6:24.69 INFO: Last good revision: a3e4205698b8711791e4bc97ceaceabaa137c553
6:24.69 INFO: First bad revision: 613d59f386c7a757825b4ad7055db072075f5670
6:24.69 INFO: Pushlog:
https://hg.mozilla.org/integration/autoland/pushloghtml?fromchange=a3e4205698b8711791e4bc97ceaceabaa137c553&tochange=613d59f386c7a757825b4ad7055db072075f5670
Assignee | ||
Comment 1•5 years ago
|
||
Ooh, this looks juicy! (And unlike the other ostensible UTF-8 bug, much more likely to be directly UTF-8-relevant.) I am on this for sure.
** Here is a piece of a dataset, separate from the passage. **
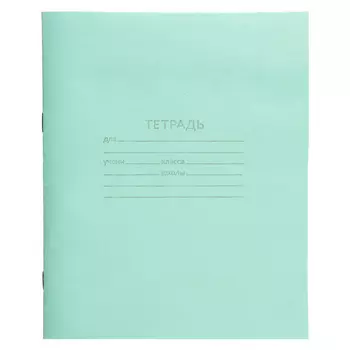 Тетрадь школьная 12 листов в клетку, зеленая обложка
Debugging nowish...
Assignee | ||
Comment 2•5 years ago
|
||
Still grunging through this, but right now I don't think this is a UTF-8 tokenizing bug.
...it's an atomization bug. 😲 YES I AM SERIOUS HERE.
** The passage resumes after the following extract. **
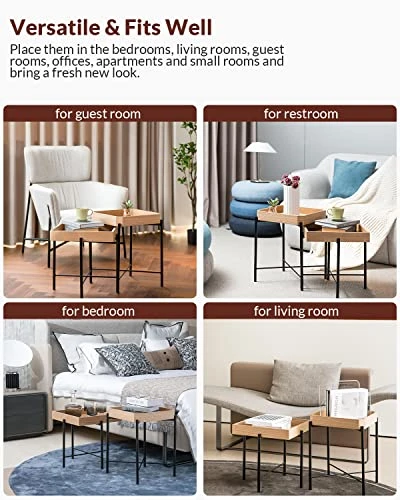 Starway End Tables Set Of 2, Wood Modern Coffee Nesting Table Night Stands Geometrical 2pcs, Snack Side Tables Bedside Tables With Metal Frame, For Living Room, Bedroom,and Easy Assembly - Image 5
And somehow I just happened to stumble upon it.
Mega-yikes.
Assignee | ||
Comment 3•5 years ago
|
||
[jwalden@find-waldo-now src]$ cat /tmp/fail.js
var obj1 = { "µ": "PASS" };
print(obj1.µ || "FAIL", "U+00B5 MICRO SIGN");
var obj2 = { "𧊶": "PASS" };
print(obj2.𧊶 || "FAIL", "U+272B6 CJK UNIFIED IDEOGRAPH-272B6");
[jwalden@find-waldo-now src]$ dbg/js/src/js --file /tmp/fail.js
PASS U+00B5 MICRO SIGN
PASS U+272B6 CJK UNIFIED IDEOGRAPH-272B6
[jwalden@find-waldo-now src]$ dbg/js/src/js --utf8-file /tmp/fail.js
(compiling '/tmp/fail.js' as UTF-8 without inflating)
FAIL U+00B5 MICRO SIGN
PASS U+272B6 CJK UNIFIED IDEOGRAPH-272B6
Stepping through in a debugger, the obj1
property lookup uses a jsid
containing a JSString*
having one bit pattern...but the property in obj1
itself of identical name uses a jsid
containing a JSString*
having a different bit pattern. And if you check both strings, they both say they're atoms.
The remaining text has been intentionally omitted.